A Big Difference

Have you ever wondered why arguments arise in the first place – in a team, in a family, or at work? And if so, have you ever thought about how to get rid of them, or better yet, how to prevent them altogether? I will answer you without hesitation – yes, it is possible, but. The main condition, without which it is not even worth starting, is a mutual desire to prevent them. This process requires the participation of not just one person, but everyone involved and interested. Because even if one of the opponents is super-conscious and incredibly advanced, they will still remain a voice crying in the wilderness. Therefore, if all members of the team are interested in further cooperation, then getting rid of the sticky claws of manipulative techniques will have to be done exclusively by everyone together. 

How does manipulation differ from a direct request? And does it differ? And if so, what exactly is the difference? Yes, there is a difference, and it is a big one. Manipulation does not even give you the opportunity to make a clear and conscious choice; it twists not only your arms and legs, but – worst of all – your mind. 

But a calm human request gives you time to breathe and think, and does not twist or distort anything at all. And that’s great, because if your colleagues, friends and acquaintances behave appropriately and don’t try to manipulate you, it gives you the space and breathing room you need for calm communication, which is a good thing. And, by the way, it benefits not only you, but the whole team. After all, the difference between a normal request and a manipulative one is that those who intend to manipulate you try to influence you by pressing on your ‘sensitive spots’ –  duty, fear, shame, and especially guilt. The manipulator’s goal is to make you experience either one of these feelings or the whole range at once. And this is a real hidden psychological influence, because they are trying to control you, but not directly, but in such a way that you do not notice it. Accordingly, after such toxic communication, instead of feeling energised, you feel internal disappointment, you are left with a rather unpleasant aftertaste and a subconscious feeling that they are simply trying to use you. 

A direct request is a calm and open expression of one’s desire. The person treats you with respect, does not beat around the bush, and does not try to corner you. Their tone is also balanced and tolerant. Importantly, such a person leaves you the right to choose, meaning that any answer you give, including a negative one, is accepted appropriately, without counter-pressure. The opponent’s goal is to get help from you, but not by trampling on your self-esteem, but through a normal dialogue between two equal interlocutors.
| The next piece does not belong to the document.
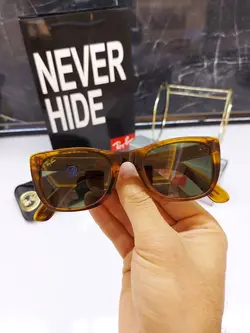 عینک آفتابی ریبن RayBan RB2248 هاوایی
And even if you are talking not to a colleague but to your boss, in this case, a truly mature leader will communicate with you as an equal, because megalomania is the lot of complacent fools. 

The conclusion from today’s article is obvious: manipulation does not give you the slightest freedom of choice and oppresses you, while a direct request and the right to choose leaves you with a sudden desire to help as much as possible and take a step towards the other person. And that’s so important, isn’t it?